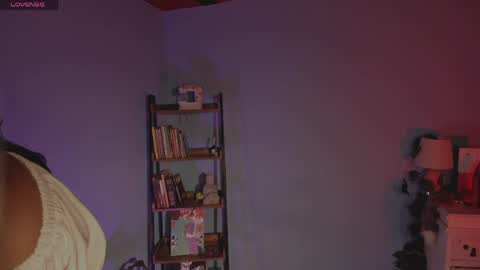 Snapshot of hera_069 chatting on 04.21.26 Hello I am Valentina independent Colombian model I love sensuality and pleasure welcome online show from 04.21.26
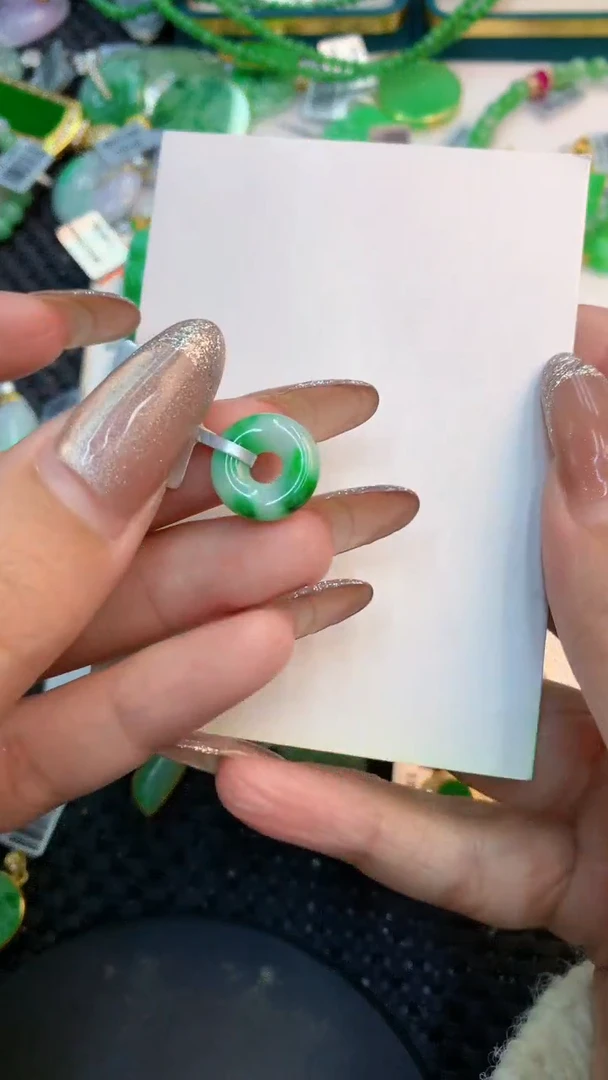 颈饰未镶嵌翡翠1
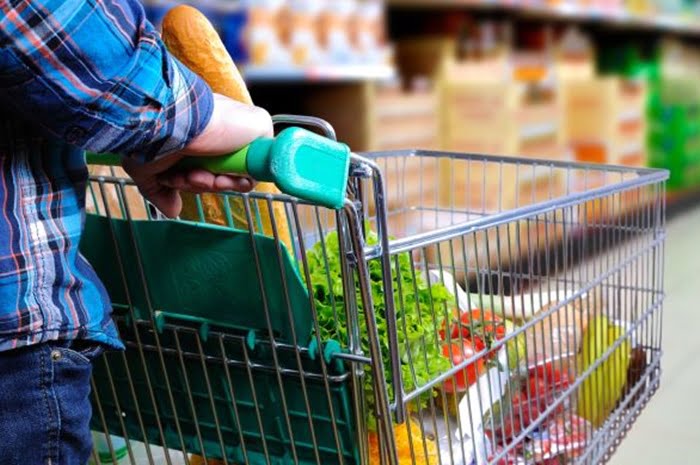 Inflação do alimento acumula alta de 9,75% para os mais pobres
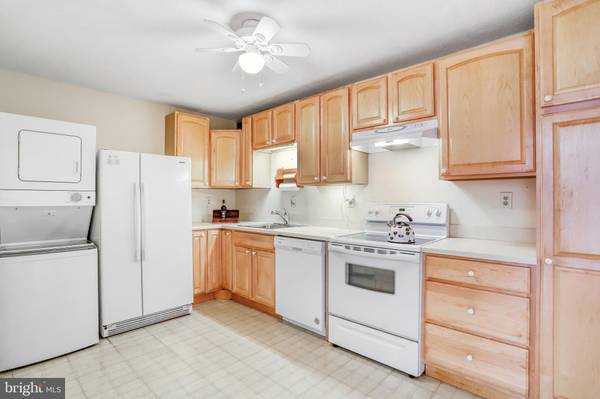 307 YOAKUM PKWY #805, Alexandria, VA 22304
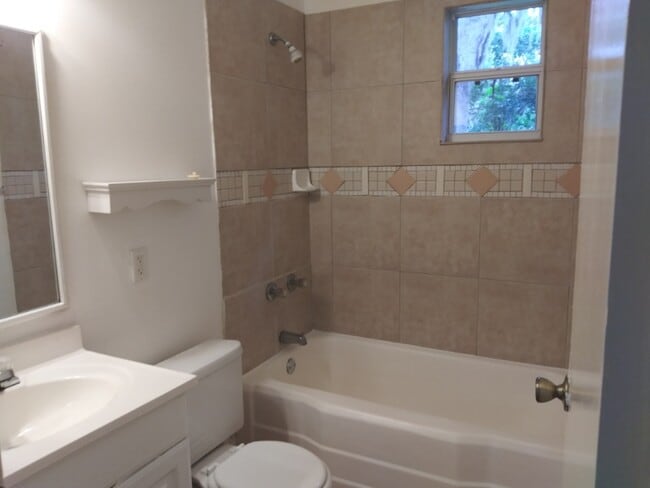 Foto del edificio - 521 S Crest Ave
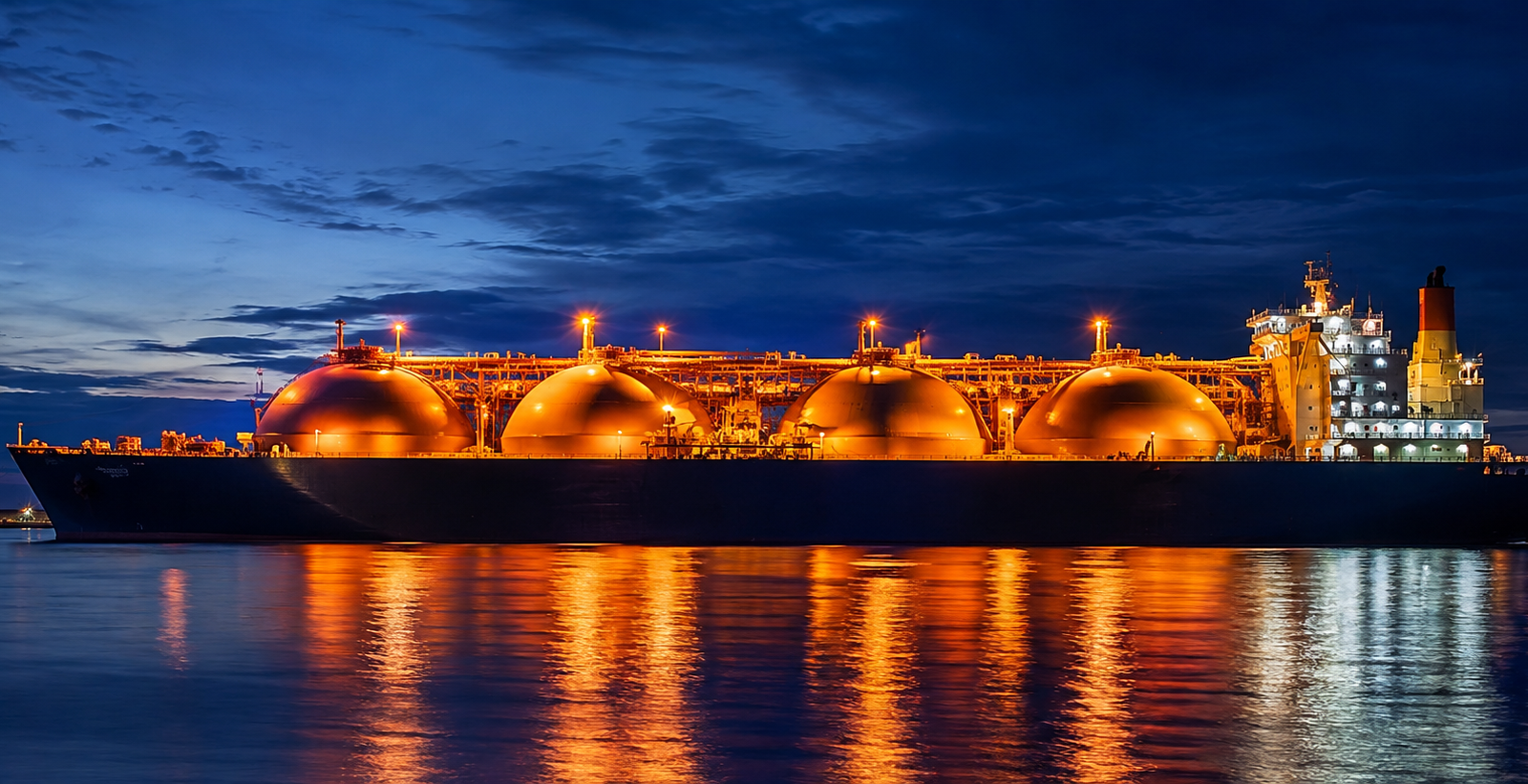 Navire méthanier transportant du gaz naturel liquéfié de nuit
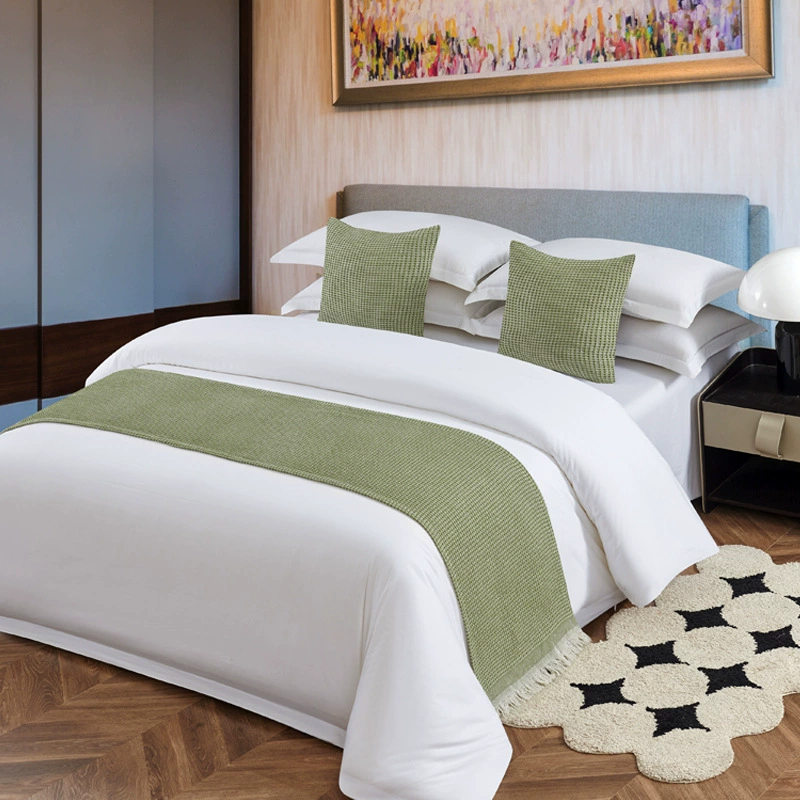 Прямые продажи с фабрики: шенилловые дорожки на кровать с бахромой для дома и отелей, простые декоративные накидки на кровать для гостевых домов, а также постельное белье.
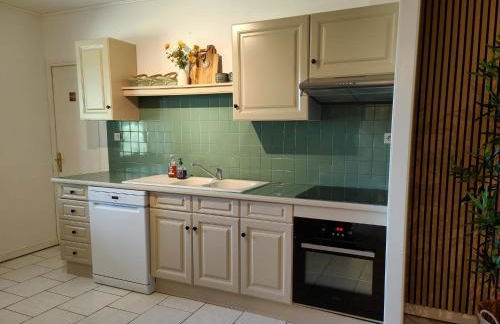 Beautiful holiday home with private pool - Foto 9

§ §

Word for word, repeat only the lines from the line containing "Foto del edificio - 521 S Crest Ave" through the end of the data, without any pictures.

 Foto del edificio - 521 S Crest Ave
 Navire méthanier transportant du gaz naturel liquéfié de nuit
 Прямые продажи с фабрики: шенилловые дорожки на кровать с бахромой для дома и отелей, простые декоративные накидки на кровать для гостевых домов, а также постельное белье.
 Beautiful holiday home with private pool - Foto 9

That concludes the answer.